Your task
Begin at the line holding "MS license plate LZJ359" and set down exactly each line through the last one below, omitting pictures. Include nothing else.

Web page caption snippets:
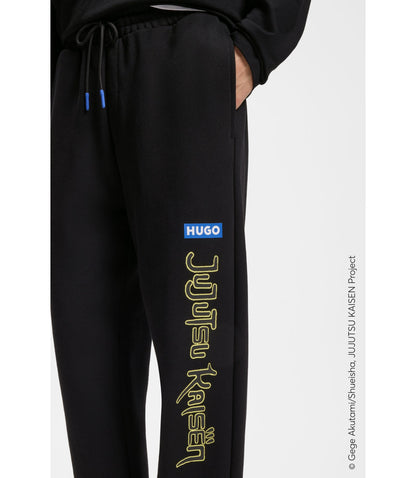 Hugo X Jujutsu Kaisen Tracksuit Bottoms In Cotton Terry Black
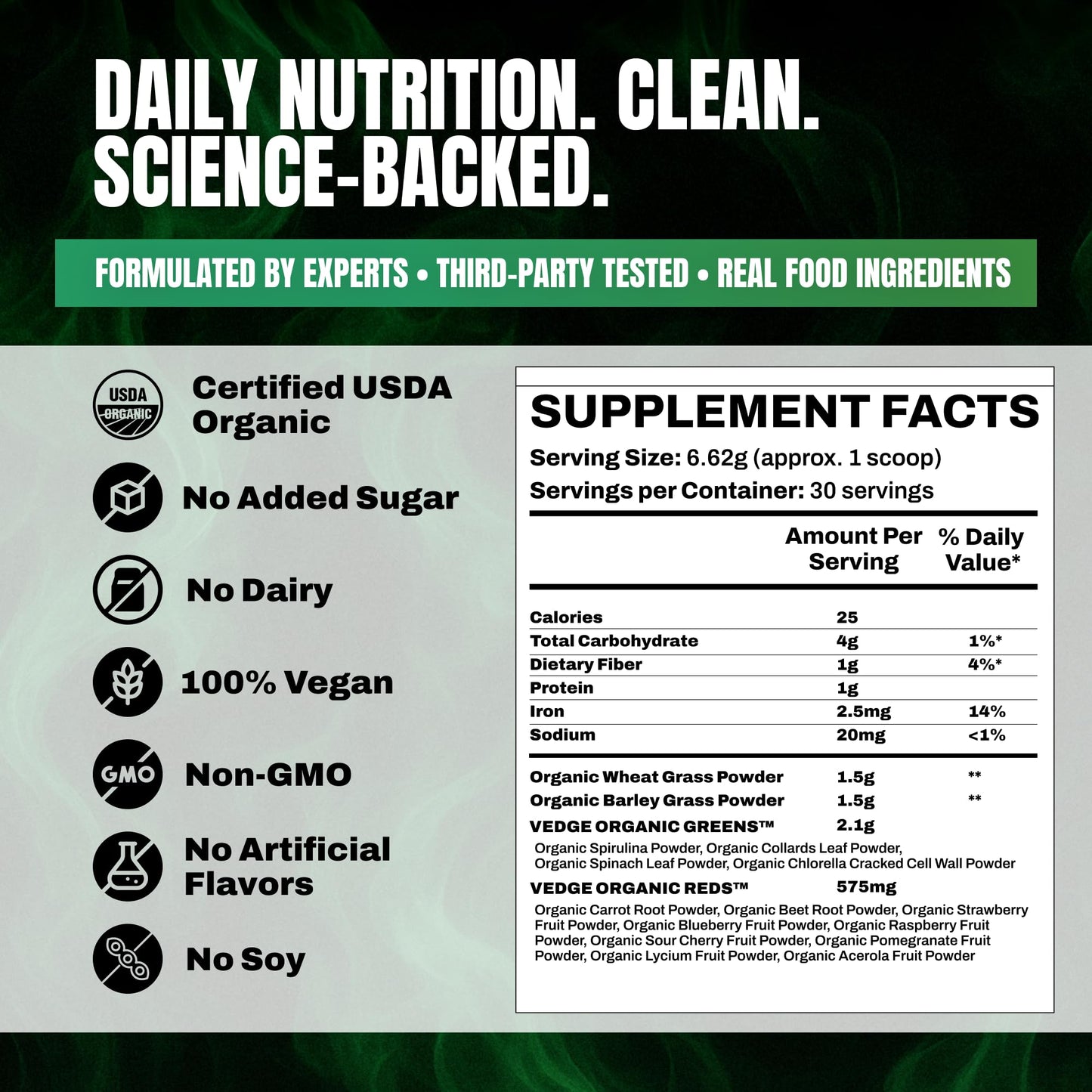 VEDGE Greens Powder, Super Greens Powder, Mixed Berry, 7 Ounces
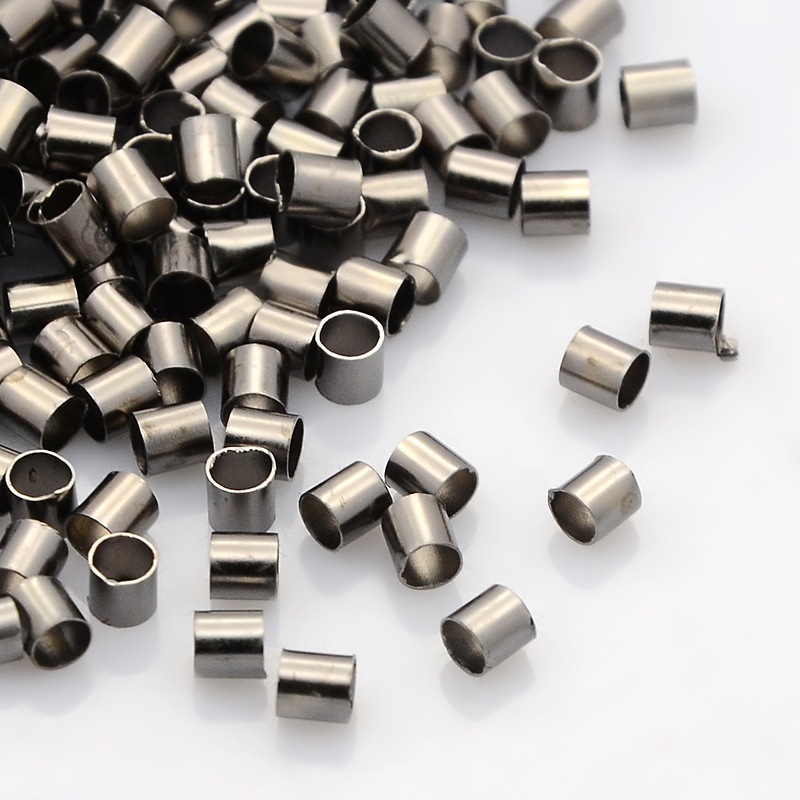PandaHall Brass Crimp Beads, Column, Cadmium Free & Nickel Free & Lead Free, Gunmetal, 3x3mm, Hole: 2.5mm, 500pcs/10g Brass Column
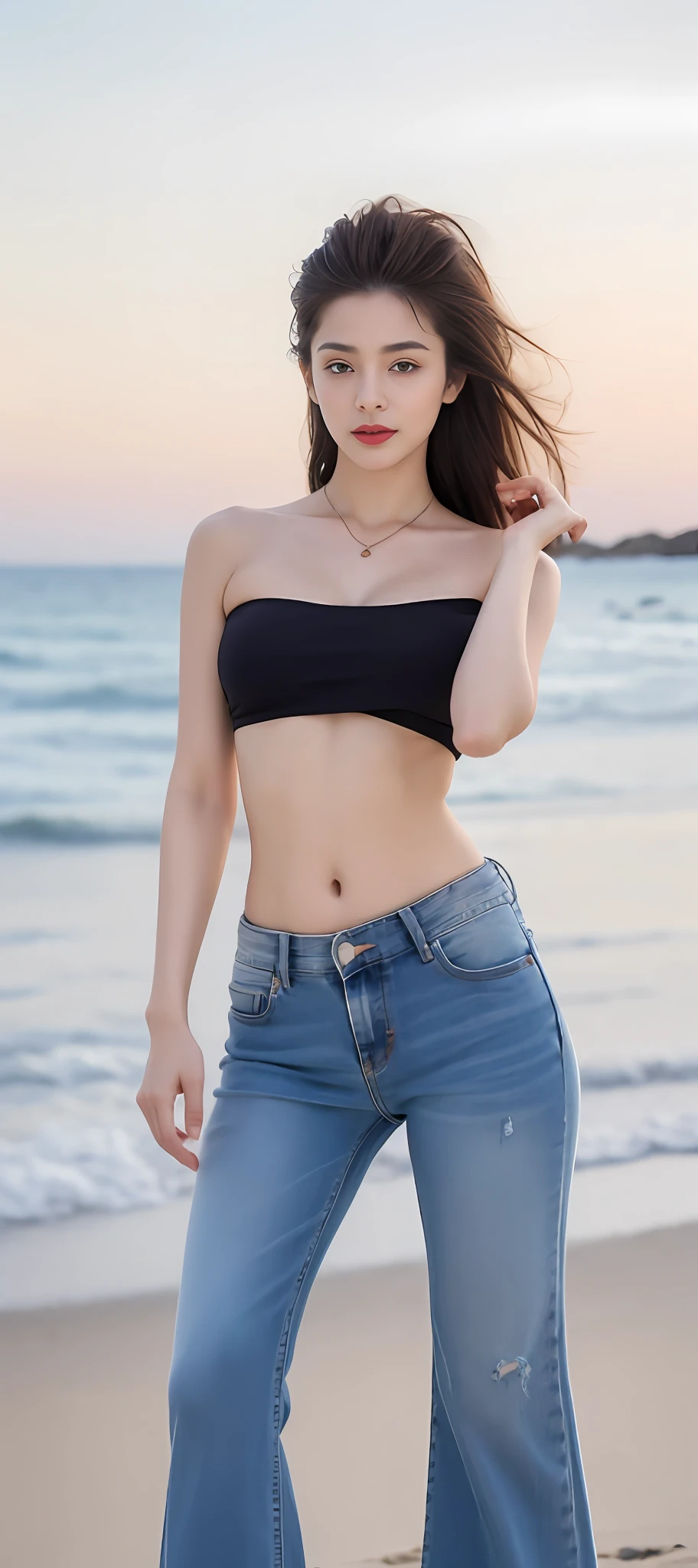 (RAW photo, Photoreal:1.4), 8K, highest quality, masterpiece, ultra high resolution), (perfect dynamic composition:1.2), (Highly detailed skin and facial textures:1.2), (Slim lady:1.3), (Fair skin:1.2), (beautiful and aesthetic:1.1), (medium breast:1.1) , 19 year old young and beautiful , half Korean and half German girl with beautiful thin, sharp and long face , light smiling through light pink lips wearing Fringed Crop Top with Denim Shorts , Sleek, straight hair, Layered necklaces, anklets, A beach bonfire scene during twilight, with glowing embers , perfect fingers and hands, standing and looking at the viewer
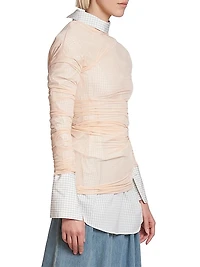 Hoan Ruched Mesh Top
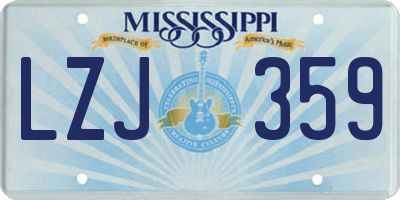 MS license plate LZJ359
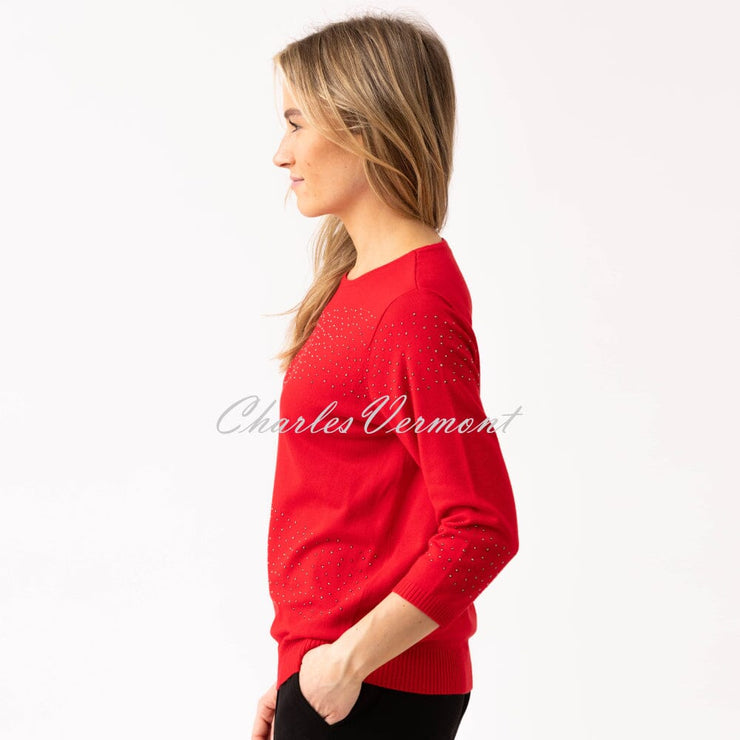 Marble Rhinestone Sweater - Style 8052-109 (Red)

Reply to the task
 MS license plate LZJ359
 Marble Rhinestone Sweater - Style 8052-109 (Red)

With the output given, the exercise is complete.